Having a blank canvas to paint is something Ellis is currently experiencing, and he said he likes it.

“We have seven Soldiers that have been pipelined right now. They went straight from basic, to AIT, to dog school. This is the first time I’ve dealt with dog handlers like this, and I have to say it’s outstanding. These young Soldiers are living and breathing military working dogs. As soon as they got here, I was like here is your dog. We immediately started building the team — molding them into what I want. The product is very fine tuned. They aren’t set in their ways, because they are still learning the way,” Ellis said. “This will help us with our career progression. We will have instructors with so much K9 training knowledge, because they will be able to see the MOS through their entire career.

“Military Police working dogs are primarily used for narcotics or explosive detection and to attack during patrols. Ellis said having an MOS specifically for dog handlers would benefit both the Soldier and K9.
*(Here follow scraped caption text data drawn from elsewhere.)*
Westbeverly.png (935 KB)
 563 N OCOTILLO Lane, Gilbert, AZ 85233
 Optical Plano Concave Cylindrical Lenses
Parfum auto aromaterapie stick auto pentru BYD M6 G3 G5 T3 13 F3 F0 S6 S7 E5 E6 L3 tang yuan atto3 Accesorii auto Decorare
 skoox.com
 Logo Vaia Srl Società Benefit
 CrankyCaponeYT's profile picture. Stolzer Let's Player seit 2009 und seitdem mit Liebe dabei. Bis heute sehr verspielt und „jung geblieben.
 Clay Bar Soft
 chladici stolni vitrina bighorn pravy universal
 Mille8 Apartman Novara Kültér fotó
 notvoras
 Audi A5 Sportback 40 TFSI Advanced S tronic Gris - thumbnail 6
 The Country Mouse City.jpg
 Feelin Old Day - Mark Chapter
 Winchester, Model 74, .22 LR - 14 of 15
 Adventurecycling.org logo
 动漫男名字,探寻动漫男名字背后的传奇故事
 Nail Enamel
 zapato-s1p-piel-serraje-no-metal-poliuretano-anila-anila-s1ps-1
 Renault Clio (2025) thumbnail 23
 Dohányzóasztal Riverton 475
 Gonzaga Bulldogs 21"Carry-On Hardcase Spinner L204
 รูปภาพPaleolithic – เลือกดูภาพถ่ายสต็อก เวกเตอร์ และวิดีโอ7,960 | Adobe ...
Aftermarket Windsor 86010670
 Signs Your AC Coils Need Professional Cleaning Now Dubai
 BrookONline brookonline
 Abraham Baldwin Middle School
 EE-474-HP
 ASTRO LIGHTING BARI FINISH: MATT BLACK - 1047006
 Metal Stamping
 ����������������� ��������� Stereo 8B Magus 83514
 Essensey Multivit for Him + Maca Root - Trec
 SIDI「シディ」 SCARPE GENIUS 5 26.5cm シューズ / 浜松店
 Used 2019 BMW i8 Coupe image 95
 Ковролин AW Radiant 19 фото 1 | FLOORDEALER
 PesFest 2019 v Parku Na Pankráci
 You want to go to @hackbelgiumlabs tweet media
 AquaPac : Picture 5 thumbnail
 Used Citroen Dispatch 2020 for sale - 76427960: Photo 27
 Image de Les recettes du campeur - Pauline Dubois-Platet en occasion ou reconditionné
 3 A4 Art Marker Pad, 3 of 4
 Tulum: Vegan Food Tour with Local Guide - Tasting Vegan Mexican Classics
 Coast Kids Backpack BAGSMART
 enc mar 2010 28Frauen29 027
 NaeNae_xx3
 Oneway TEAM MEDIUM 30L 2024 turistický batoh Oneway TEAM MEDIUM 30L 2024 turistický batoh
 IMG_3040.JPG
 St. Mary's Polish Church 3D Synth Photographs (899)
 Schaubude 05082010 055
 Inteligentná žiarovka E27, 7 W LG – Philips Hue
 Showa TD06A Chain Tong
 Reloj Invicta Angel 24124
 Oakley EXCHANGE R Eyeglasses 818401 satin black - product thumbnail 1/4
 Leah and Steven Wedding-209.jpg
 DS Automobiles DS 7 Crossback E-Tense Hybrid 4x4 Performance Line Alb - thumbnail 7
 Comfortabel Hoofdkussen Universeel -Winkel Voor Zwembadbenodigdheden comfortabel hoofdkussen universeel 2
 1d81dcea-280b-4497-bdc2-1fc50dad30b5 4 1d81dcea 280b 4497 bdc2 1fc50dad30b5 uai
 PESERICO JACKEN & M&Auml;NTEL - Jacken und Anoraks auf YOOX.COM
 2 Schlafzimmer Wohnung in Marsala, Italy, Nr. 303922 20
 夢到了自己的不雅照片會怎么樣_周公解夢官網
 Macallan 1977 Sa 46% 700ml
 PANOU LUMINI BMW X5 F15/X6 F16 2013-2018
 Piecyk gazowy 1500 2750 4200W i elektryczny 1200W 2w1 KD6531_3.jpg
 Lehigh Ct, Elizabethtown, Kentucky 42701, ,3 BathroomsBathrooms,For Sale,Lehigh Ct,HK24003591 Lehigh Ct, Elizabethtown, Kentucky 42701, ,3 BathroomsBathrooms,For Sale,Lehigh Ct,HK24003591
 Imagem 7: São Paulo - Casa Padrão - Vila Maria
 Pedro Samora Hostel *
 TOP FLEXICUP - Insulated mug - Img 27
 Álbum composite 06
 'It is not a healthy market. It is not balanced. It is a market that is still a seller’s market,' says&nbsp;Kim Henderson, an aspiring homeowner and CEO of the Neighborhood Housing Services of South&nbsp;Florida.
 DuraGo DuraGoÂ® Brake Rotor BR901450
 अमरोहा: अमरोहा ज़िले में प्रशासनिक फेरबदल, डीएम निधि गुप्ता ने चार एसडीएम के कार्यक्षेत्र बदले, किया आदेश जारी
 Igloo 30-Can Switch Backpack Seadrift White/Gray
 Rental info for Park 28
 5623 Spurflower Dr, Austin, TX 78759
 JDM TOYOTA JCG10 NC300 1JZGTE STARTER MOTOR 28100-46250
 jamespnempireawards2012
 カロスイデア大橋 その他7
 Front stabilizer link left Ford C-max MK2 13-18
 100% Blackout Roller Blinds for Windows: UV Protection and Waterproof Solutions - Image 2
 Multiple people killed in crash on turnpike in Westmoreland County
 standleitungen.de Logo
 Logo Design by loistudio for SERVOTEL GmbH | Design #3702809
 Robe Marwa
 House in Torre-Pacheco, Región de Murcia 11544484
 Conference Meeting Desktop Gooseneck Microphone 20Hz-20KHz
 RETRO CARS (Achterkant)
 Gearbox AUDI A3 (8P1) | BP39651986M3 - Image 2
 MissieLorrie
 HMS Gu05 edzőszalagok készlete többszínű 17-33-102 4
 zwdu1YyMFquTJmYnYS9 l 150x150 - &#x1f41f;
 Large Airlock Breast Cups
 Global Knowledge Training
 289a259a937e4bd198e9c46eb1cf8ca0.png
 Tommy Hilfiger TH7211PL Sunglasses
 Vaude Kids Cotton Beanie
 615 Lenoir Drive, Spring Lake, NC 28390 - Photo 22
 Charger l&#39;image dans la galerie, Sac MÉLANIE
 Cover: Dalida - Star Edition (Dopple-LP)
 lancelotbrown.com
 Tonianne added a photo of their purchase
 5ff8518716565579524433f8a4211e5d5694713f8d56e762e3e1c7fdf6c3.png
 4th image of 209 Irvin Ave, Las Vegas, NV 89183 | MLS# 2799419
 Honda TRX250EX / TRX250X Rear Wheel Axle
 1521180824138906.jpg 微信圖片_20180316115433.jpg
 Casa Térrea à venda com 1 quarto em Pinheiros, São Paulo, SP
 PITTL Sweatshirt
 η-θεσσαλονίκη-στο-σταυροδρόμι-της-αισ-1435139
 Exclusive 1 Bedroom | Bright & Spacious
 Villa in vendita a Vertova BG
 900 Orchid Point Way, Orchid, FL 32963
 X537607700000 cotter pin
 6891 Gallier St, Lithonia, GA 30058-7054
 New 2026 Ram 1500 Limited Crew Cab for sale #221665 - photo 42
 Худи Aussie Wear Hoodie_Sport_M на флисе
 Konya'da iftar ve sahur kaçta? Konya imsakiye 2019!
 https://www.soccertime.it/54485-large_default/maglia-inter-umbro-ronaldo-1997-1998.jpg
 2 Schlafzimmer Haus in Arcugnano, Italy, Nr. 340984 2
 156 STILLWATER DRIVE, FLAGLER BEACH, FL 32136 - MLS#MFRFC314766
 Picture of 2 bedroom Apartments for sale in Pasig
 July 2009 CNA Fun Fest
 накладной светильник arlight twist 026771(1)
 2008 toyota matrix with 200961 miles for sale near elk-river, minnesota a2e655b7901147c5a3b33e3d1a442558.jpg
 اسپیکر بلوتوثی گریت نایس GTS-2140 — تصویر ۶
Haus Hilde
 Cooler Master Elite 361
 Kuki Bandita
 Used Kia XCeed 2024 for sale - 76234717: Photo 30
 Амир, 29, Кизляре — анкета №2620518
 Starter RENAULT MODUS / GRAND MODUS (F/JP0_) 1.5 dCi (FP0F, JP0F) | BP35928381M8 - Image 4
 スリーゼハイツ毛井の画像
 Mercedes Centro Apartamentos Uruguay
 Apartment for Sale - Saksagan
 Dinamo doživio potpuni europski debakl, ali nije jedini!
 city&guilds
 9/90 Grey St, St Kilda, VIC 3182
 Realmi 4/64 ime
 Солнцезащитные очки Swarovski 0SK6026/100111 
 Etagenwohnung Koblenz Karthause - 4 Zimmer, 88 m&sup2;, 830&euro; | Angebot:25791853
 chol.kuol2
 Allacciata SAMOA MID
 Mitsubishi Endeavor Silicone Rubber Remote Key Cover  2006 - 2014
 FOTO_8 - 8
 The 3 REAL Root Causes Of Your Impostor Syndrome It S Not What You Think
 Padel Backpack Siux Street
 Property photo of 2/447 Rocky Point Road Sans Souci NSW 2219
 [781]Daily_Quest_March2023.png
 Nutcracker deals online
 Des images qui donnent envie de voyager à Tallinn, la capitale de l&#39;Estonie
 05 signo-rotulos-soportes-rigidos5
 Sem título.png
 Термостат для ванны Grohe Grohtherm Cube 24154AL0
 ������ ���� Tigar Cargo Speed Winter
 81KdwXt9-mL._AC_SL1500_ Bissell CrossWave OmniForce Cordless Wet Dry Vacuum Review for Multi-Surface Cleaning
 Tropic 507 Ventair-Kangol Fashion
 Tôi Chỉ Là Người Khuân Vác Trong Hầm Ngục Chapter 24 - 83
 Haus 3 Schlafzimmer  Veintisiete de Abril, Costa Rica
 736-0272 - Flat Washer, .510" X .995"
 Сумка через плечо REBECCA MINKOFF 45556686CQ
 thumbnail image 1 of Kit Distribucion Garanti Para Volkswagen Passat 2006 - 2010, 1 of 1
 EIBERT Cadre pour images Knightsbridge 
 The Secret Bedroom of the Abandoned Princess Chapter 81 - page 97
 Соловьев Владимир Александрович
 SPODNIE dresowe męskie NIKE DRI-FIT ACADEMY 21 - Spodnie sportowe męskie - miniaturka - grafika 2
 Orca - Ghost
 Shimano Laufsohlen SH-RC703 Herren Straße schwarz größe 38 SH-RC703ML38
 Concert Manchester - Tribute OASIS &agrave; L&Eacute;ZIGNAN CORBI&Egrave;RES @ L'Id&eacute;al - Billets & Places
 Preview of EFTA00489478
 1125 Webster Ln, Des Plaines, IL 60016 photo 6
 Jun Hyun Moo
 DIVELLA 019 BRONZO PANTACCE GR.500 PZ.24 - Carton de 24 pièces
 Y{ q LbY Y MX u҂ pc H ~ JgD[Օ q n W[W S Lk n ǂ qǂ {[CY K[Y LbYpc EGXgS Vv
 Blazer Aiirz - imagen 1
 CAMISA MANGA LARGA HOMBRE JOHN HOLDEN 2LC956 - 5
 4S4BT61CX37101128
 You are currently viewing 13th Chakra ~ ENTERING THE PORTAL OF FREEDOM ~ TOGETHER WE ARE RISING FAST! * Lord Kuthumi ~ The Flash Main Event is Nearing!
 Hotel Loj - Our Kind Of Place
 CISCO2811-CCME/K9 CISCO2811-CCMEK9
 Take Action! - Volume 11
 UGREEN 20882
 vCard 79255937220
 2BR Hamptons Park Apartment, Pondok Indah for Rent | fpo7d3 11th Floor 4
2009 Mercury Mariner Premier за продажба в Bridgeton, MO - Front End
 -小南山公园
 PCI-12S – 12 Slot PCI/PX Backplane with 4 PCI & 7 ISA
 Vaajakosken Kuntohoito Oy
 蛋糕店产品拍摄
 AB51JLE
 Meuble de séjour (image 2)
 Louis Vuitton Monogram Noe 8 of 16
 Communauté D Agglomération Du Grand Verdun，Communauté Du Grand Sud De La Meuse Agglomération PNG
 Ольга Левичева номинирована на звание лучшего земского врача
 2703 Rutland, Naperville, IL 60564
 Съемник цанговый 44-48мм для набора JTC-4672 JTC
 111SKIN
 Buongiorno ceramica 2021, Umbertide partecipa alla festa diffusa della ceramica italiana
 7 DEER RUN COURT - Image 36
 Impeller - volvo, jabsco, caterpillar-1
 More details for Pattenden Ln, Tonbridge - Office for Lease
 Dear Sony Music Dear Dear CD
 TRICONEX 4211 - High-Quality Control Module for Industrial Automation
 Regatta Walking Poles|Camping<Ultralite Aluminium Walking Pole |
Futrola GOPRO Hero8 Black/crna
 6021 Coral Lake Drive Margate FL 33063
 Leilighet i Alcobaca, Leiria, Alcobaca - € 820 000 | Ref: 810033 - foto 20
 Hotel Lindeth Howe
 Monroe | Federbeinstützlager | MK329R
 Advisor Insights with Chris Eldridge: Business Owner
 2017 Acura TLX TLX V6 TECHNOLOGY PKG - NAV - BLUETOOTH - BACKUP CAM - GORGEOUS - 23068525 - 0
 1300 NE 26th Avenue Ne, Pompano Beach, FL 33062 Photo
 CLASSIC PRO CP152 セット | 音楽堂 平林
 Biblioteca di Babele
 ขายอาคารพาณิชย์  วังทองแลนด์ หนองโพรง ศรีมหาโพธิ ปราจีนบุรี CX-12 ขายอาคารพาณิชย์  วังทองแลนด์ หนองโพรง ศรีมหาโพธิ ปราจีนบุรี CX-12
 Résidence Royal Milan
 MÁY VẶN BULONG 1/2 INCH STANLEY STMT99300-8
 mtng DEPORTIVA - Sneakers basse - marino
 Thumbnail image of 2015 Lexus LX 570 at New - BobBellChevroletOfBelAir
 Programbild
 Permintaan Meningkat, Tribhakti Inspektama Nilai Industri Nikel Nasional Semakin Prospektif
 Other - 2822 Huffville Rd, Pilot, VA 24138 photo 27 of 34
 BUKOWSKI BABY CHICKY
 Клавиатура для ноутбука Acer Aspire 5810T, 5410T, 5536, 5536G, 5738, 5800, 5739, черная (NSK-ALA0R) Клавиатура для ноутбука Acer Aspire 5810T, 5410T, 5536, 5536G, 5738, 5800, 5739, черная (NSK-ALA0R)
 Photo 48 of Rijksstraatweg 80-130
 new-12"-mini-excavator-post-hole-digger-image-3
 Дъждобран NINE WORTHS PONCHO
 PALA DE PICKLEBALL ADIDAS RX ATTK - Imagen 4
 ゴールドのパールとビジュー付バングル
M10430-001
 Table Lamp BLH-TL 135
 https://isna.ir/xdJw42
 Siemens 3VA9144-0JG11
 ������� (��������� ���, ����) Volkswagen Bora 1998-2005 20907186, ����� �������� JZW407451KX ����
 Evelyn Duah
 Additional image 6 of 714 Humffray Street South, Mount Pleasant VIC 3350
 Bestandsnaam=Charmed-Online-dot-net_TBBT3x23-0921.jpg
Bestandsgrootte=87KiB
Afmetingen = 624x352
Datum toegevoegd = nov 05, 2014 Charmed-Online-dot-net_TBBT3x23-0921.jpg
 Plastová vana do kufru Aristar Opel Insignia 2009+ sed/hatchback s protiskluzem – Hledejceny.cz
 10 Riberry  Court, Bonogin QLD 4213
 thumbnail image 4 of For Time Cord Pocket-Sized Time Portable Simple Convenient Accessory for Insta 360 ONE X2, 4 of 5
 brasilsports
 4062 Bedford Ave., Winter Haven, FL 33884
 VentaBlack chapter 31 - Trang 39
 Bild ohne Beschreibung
“The longer you are with your dog, the better the team is going to be. We make a bond with our dogs. The goal is to keep teams together longer,” Ellis said.

Speaking from experience, Ellis said having teams together longer is important to being successful on missions.

“My greatest fear when I deployed was that somebody else would get hurt because I didn’t train my dog enough,” Ellis said.

Protecting others is common theme among the Family of dog handlers.

“Being a dog handler — you don’t do it for yourself. We are out there looking for things that people are afraid of or are trying to avoid. If my team finds an improvised explosive device, I save the lives of the people standing behind me and my job is done. I am a dog handler, so that other people may live,” Abdon said.

Ellis said being a military working dog handler is the best job in the military, and he’s looking forward to being reclassified as a 31K.

“I feel that we are all Family. Every dog handler — not just Military Police, not just the Army, we are Family — that includes the Marine Corps, Navy and Air Force. We train together and we deploy together and we deserve our own MOS.”